## WORK TASK:
Set out exactly, line by line, the stretch of data below that begins at the line containing "高效協(xié)作利器 Vi" and ends at the line containing "Foods 10 00073 g004 Foods 10 00073 g004", with both ends kept.

══ RECORDS FOR THIS TASK ══

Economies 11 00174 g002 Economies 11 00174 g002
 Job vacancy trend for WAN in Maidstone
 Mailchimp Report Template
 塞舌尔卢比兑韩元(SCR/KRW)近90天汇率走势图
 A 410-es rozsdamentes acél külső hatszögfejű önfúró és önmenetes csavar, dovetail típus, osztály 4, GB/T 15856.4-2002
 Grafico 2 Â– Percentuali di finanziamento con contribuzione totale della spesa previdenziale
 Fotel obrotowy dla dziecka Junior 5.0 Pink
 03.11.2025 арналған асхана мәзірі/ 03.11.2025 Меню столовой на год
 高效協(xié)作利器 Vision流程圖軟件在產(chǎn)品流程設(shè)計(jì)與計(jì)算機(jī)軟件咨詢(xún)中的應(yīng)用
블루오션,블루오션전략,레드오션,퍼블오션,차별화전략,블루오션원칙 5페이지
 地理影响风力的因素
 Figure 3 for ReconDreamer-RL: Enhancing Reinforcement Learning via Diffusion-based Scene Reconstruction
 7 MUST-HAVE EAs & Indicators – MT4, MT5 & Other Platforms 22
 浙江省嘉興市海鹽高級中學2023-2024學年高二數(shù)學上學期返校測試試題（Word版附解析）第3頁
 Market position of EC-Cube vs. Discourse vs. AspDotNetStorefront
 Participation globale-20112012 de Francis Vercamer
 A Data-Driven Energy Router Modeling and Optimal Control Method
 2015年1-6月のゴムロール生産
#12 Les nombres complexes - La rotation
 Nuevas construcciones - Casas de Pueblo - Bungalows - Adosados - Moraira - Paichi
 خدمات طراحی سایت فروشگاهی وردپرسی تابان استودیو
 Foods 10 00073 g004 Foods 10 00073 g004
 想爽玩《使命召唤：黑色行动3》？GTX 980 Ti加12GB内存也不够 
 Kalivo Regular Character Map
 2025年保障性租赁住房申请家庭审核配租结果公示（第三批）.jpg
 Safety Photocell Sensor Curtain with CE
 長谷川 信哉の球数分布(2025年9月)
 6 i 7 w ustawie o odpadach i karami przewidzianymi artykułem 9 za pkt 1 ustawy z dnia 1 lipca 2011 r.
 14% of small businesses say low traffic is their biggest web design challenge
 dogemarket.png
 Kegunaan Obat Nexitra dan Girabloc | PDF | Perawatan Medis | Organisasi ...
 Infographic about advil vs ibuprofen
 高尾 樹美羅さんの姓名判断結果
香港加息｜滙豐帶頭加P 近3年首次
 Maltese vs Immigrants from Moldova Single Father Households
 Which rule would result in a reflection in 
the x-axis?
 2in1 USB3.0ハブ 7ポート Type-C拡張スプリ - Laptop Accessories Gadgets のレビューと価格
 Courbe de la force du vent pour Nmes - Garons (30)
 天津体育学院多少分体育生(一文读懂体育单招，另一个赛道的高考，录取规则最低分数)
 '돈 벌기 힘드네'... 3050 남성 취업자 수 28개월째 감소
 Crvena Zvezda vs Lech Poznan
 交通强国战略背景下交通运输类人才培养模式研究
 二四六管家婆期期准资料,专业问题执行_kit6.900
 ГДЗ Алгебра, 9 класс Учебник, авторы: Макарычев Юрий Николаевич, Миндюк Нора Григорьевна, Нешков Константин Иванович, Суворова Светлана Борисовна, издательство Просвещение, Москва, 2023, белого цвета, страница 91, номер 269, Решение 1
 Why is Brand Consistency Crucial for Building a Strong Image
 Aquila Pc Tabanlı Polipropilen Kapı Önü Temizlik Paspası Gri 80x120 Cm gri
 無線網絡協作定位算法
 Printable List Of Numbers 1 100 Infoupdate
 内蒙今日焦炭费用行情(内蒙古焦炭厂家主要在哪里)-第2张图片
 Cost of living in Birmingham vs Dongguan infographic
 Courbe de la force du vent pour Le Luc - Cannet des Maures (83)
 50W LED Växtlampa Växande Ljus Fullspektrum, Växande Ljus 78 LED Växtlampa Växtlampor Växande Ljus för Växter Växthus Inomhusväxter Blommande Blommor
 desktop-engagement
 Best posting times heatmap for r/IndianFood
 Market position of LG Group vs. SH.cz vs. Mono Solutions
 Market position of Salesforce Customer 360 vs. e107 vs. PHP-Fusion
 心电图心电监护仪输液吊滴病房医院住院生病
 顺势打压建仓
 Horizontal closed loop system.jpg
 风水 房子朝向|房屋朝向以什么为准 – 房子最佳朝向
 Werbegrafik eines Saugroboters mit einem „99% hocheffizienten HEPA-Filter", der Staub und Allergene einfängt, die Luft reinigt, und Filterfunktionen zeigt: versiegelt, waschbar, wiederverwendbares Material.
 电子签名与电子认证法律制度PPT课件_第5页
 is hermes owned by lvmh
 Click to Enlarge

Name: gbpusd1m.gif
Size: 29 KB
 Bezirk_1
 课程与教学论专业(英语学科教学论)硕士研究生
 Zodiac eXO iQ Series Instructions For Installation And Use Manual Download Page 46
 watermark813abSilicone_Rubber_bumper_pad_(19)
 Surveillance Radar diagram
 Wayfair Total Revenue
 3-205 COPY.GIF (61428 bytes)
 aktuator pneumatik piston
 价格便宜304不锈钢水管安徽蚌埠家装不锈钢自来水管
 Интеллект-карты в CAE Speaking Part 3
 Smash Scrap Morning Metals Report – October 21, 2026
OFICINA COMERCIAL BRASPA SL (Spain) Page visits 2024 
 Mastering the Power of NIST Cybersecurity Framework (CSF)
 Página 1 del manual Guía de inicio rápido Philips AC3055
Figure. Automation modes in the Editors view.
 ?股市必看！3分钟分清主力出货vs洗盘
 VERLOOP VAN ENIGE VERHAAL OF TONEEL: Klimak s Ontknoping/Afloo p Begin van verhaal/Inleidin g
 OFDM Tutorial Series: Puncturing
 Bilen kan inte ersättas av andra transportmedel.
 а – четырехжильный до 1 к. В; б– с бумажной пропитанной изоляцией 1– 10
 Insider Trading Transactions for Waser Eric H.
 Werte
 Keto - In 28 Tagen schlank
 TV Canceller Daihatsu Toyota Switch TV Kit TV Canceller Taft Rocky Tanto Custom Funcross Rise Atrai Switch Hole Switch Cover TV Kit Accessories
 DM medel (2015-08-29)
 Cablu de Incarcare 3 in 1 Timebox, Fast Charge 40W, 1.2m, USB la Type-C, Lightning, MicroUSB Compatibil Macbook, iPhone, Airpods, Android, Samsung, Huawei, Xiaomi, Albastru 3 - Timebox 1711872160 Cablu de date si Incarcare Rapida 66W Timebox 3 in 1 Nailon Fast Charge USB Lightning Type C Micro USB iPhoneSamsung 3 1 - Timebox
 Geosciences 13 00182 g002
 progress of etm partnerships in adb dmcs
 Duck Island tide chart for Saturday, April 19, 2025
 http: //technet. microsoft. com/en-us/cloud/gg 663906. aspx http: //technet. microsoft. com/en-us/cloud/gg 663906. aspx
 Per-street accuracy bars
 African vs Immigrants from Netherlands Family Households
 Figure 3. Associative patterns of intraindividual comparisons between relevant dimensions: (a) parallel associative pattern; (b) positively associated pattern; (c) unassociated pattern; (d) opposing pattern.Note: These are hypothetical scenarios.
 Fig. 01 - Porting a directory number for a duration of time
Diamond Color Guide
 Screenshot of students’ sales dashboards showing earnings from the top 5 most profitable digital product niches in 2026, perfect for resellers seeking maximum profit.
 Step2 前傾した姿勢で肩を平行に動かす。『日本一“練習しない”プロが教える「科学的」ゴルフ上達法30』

═══

## RESULT:
 高效協(xié)作利器 Vision流程圖軟件在產(chǎn)品流程設(shè)計(jì)與計(jì)算機(jī)軟件咨詢(xún)中的應(yīng)用
블루오션,블루오션전략,레드오션,퍼블오션,차별화전략,블루오션원칙 5페이지
 地理影响风力的因素
 Figure 3 for ReconDreamer-RL: Enhancing Reinforcement Learning via Diffusion-based Scene Reconstruction
 7 MUST-HAVE EAs & Indicators – MT4, MT5 & Other Platforms 22
 浙江省嘉興市海鹽高級中學2023-2024學年高二數(shù)學上學期返校測試試題（Word版附解析）第3頁
 Market position of EC-Cube vs. Discourse vs. AspDotNetStorefront
 Participation globale-20112012 de Francis Vercamer
 A Data-Driven Energy Router Modeling and Optimal Control Method
 2015年1-6月のゴムロール生産
#12 Les nombres complexes - La rotation
 Nuevas construcciones - Casas de Pueblo - Bungalows - Adosados - Moraira - Paichi
 خدمات طراحی سایت فروشگاهی وردپرسی تابان استودیو
 Foods 10 00073 g004 Foods 10 00073 g004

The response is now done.